> What to work on
Would you print, word for word, only the lines running from the line with "coastal ceremony photo" to the last line of the entries, without the pictures?

[Source data]

>>>>>

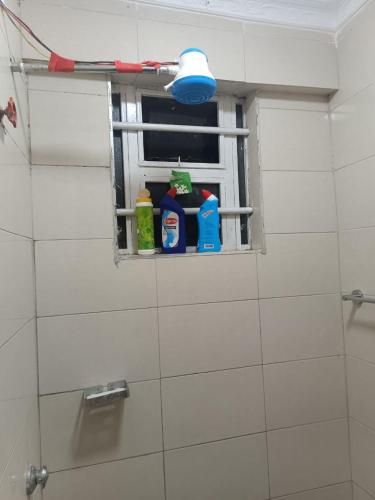 a window in a bathroom with cleaning products on it at Sky-Host, Dulham suite in Homa Bay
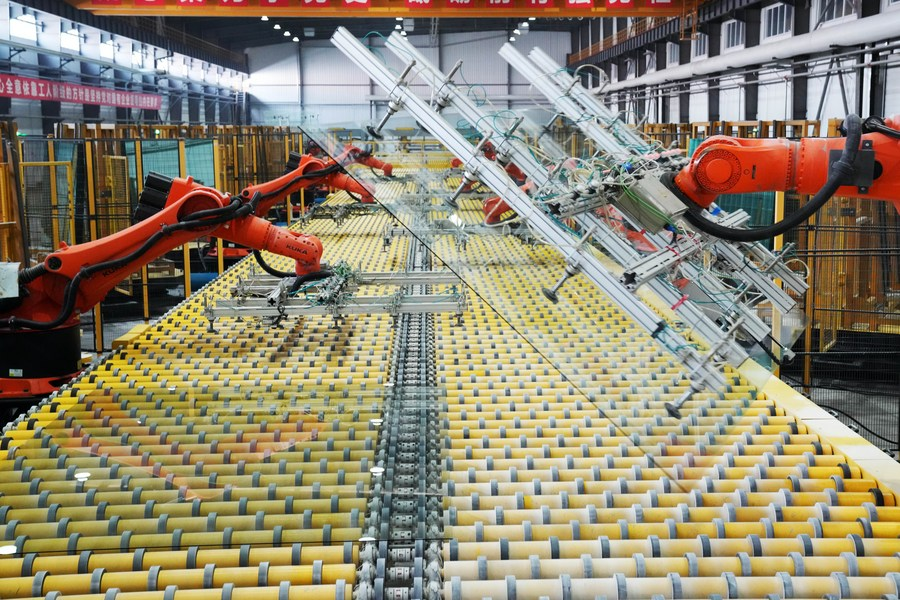 Αυτή η φωτογραφία που τραβήχτηκε στις 17 Φεβρουαρίου 2023 δείχνει βραχίονες ρομπότ να λειτουργούν σε μια γραμμή παραγωγής σε ένα εργοστάσιο γυαλιού στο Τζιαμουσί, στην επαρχία Χεϊλονγκτζιάνγκ της βορειοανατολικής Κίνας. (Xinhua/Wang Jianwei)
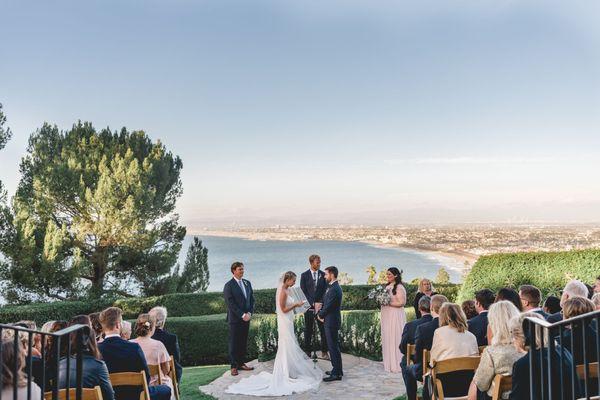 coastal ceremony photo of bride and groom exchanging their vows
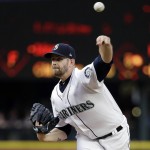 
              Seattle Mariners starting pitcher James Paxton throws against the Minnesota Twins in the third inning of a baseball game Tuesday, June 6, 2017, in Seattle. (AP Photo/Elaine Thompson)
            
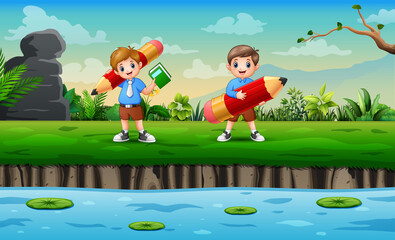 Obraz na płótnie Canvas Happy school boys holding big pencil by the lake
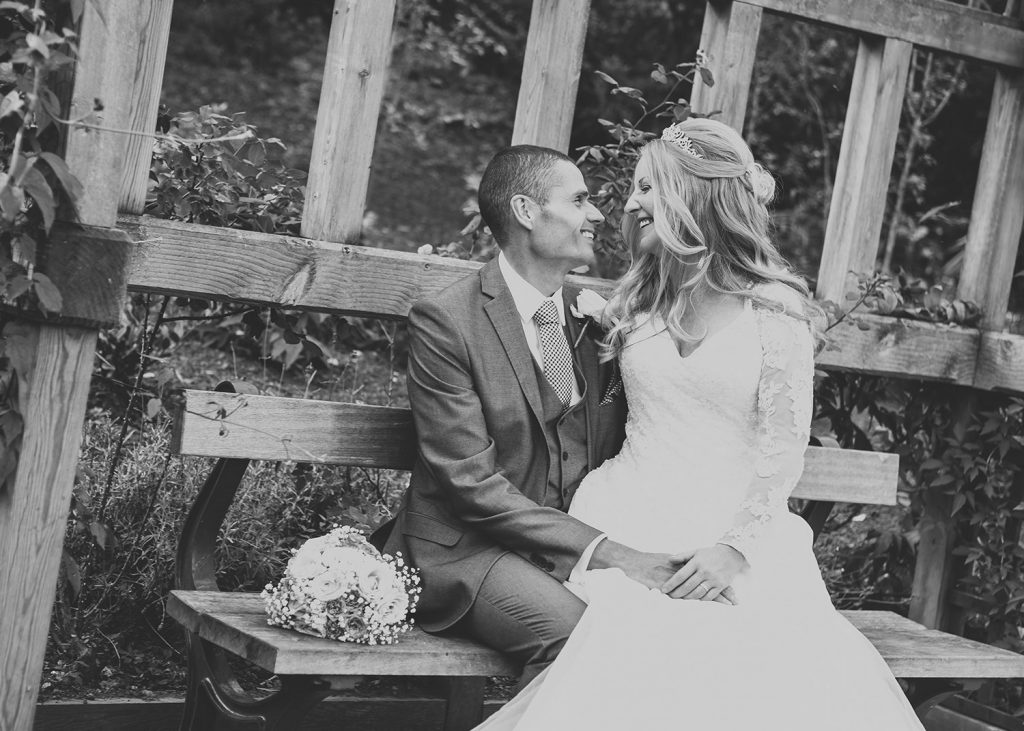 The bride and groom smiling on a bench at Carlisle Park in Morpeth, Northumberland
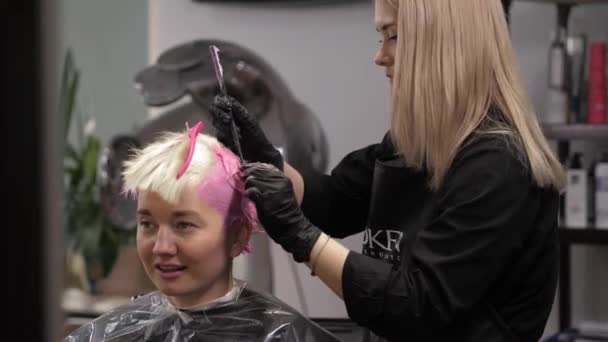 Stylist hands using professional hairbrush and dyeing hair roots — Stockvideo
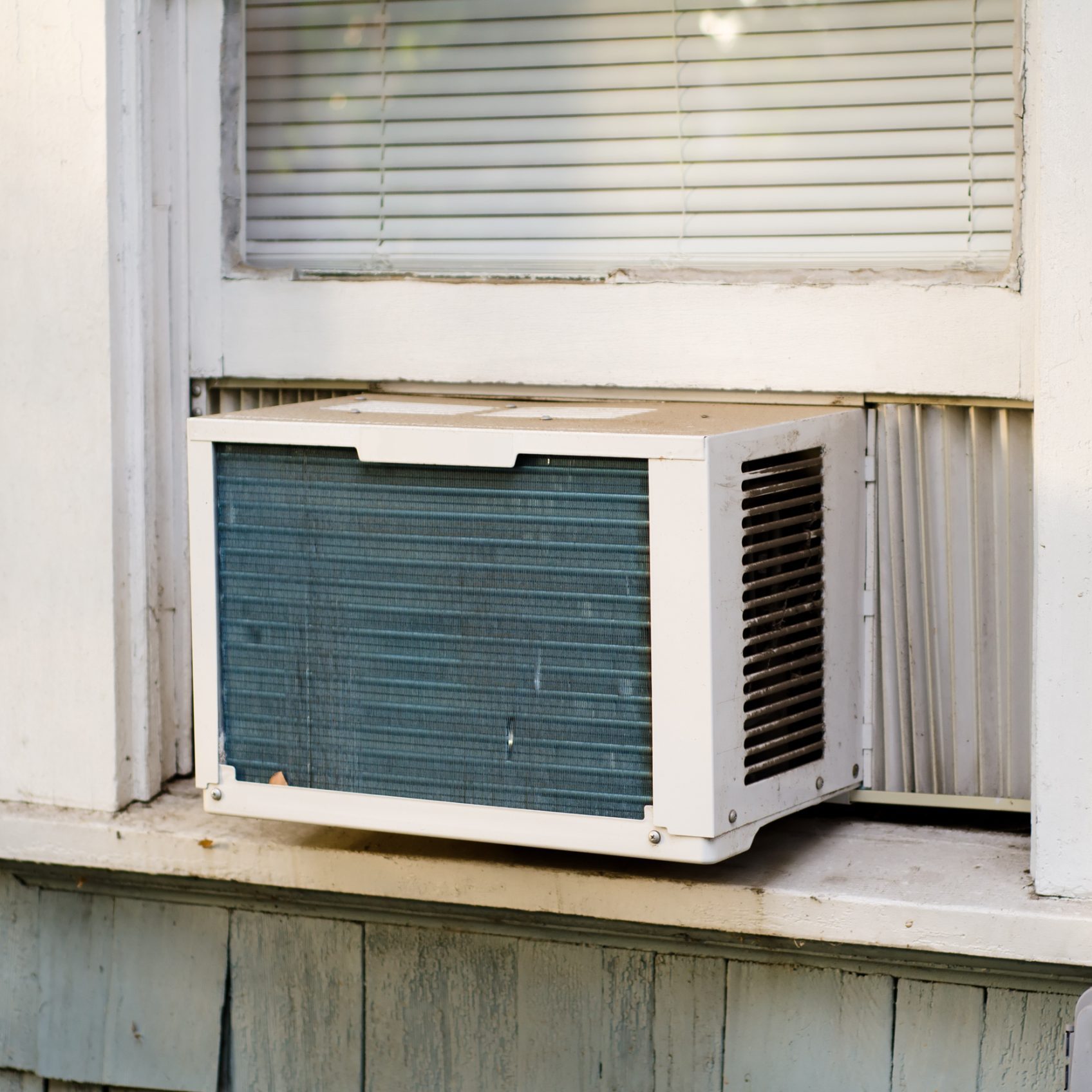An air conditioning unit is positioned in a window, drawing in outside air while surrounded by a wooden frame and nearby property exterior.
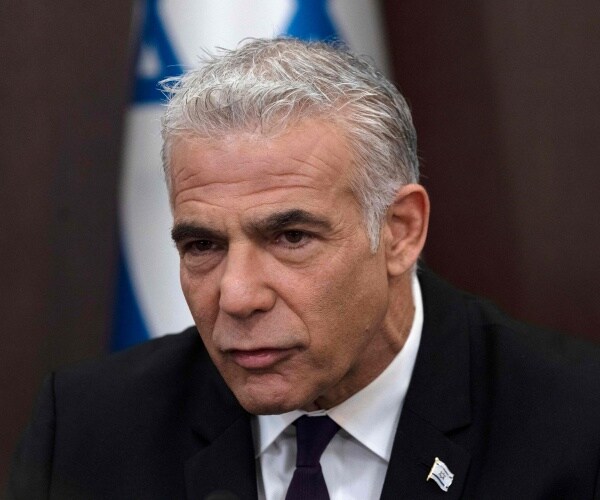 yair lapid speaks into a microphone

<<<<<

> Answer to the problem
 coastal ceremony photo of bride and groom exchanging their vows
              Seattle Mariners starting pitcher James Paxton throws against the Minnesota Twins in the third inning of a baseball game Tuesday, June 6, 2017, in Seattle. (AP Photo/Elaine Thompson)
            
 Obraz na płótnie Canvas Happy school boys holding big pencil by the lake
 The bride and groom smiling on a bench at Carlisle Park in Morpeth, Northumberland
 Stylist hands using professional hairbrush and dyeing hair roots — Stockvideo
An air conditioning unit is positioned in a window, drawing in outside air while surrounded by a wooden frame and nearby property exterior.
 yair lapid speaks into a microphone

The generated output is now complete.